A special thank you to Glenys Dreyer for taking the time to transcribe the interview below for us!

[Voice-Over] "This program was first broadcast on Canterbury’s Community Access Radio Station Plains FM 86.9 and was made with the assistance of New Zealand on Air. This show has one mission – to give hope, where hope is lost or fading fast. We’re here for anyone affected by mental illness: their friends, their families, their employers, teachers, and anyone else in the community."

 

[Host] "Welcome to Lighthouse of Hope. I’m your host, Michael Hempseed and I’m so glad you’re joining us today.
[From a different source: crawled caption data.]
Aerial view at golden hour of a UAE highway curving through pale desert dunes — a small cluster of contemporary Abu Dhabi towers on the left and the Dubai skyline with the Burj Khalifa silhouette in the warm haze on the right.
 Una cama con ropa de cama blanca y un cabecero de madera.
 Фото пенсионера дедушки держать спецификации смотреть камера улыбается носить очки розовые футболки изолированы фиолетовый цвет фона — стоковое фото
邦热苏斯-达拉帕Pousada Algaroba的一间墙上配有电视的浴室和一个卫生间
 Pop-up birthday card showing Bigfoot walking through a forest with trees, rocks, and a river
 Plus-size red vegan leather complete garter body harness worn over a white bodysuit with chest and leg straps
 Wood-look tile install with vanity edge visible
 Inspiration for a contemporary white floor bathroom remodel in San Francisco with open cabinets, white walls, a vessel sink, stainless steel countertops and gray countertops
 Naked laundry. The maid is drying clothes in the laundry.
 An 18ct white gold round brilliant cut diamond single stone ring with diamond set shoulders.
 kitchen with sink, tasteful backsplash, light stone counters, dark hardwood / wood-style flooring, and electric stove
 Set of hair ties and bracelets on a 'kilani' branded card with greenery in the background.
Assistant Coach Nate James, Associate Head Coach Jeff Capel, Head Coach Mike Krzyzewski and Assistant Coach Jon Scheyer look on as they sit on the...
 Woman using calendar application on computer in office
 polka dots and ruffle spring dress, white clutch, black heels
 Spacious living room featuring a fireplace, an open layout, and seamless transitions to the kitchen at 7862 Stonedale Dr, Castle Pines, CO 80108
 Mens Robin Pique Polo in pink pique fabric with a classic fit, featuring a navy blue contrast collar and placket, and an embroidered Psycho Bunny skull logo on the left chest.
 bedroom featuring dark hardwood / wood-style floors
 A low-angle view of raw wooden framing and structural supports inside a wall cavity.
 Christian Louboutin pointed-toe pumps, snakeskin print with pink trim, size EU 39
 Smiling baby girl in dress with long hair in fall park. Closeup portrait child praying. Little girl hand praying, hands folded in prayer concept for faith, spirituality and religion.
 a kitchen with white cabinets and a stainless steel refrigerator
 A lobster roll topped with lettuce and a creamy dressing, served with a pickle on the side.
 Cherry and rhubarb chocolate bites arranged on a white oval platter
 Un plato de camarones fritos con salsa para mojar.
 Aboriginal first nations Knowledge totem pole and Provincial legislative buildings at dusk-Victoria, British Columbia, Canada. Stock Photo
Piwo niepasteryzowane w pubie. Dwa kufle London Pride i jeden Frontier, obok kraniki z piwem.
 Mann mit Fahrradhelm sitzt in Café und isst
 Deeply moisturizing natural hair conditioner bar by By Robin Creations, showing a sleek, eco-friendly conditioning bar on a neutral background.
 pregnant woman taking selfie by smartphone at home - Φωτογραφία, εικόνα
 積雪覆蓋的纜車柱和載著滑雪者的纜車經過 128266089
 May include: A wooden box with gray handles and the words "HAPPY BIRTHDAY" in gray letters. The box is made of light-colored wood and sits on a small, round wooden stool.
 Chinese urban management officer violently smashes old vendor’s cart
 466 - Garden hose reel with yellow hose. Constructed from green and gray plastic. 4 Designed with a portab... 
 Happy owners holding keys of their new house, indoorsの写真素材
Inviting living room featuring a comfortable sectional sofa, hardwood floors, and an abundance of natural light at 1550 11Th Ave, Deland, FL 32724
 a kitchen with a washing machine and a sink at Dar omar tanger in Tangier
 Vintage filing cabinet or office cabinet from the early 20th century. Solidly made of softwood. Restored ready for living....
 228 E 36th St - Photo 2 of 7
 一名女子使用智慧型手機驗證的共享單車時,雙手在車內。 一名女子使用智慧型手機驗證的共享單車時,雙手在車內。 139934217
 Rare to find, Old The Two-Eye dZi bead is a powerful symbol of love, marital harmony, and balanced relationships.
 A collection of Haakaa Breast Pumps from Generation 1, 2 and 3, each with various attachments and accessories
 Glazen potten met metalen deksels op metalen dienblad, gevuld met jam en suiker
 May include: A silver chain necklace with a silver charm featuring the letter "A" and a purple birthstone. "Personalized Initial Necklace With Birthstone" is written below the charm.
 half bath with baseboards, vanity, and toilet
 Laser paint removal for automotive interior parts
On today’s show we have New Zealand author Victoria Dreyer. Welcome to the show Victoria. So great to have you."

[Vic] "Hi. Thanks for having me."

 

[Host] "Great to have you on the show. So, you’ve written several books. Can you tell us a little about those please?"

[Vic] "Sure can. I’m best known for my post-apocalyptic survival series – The Survivors – it’s set in New Zealand ten years after a viral apocalypse and follows the tale of a group of people trying to rebuild civilization in the wake of a disaster… Sort of a kiwi take on the popular zombie apocalypse theme with less running and shooting and more people mucking in to get stuff done."

 

[Host] "Fantastic, sounds like a great premise."

[Vic] "Thank you."

 

[Host] "And, can you tell us why do you write, what’s the attraction with that?"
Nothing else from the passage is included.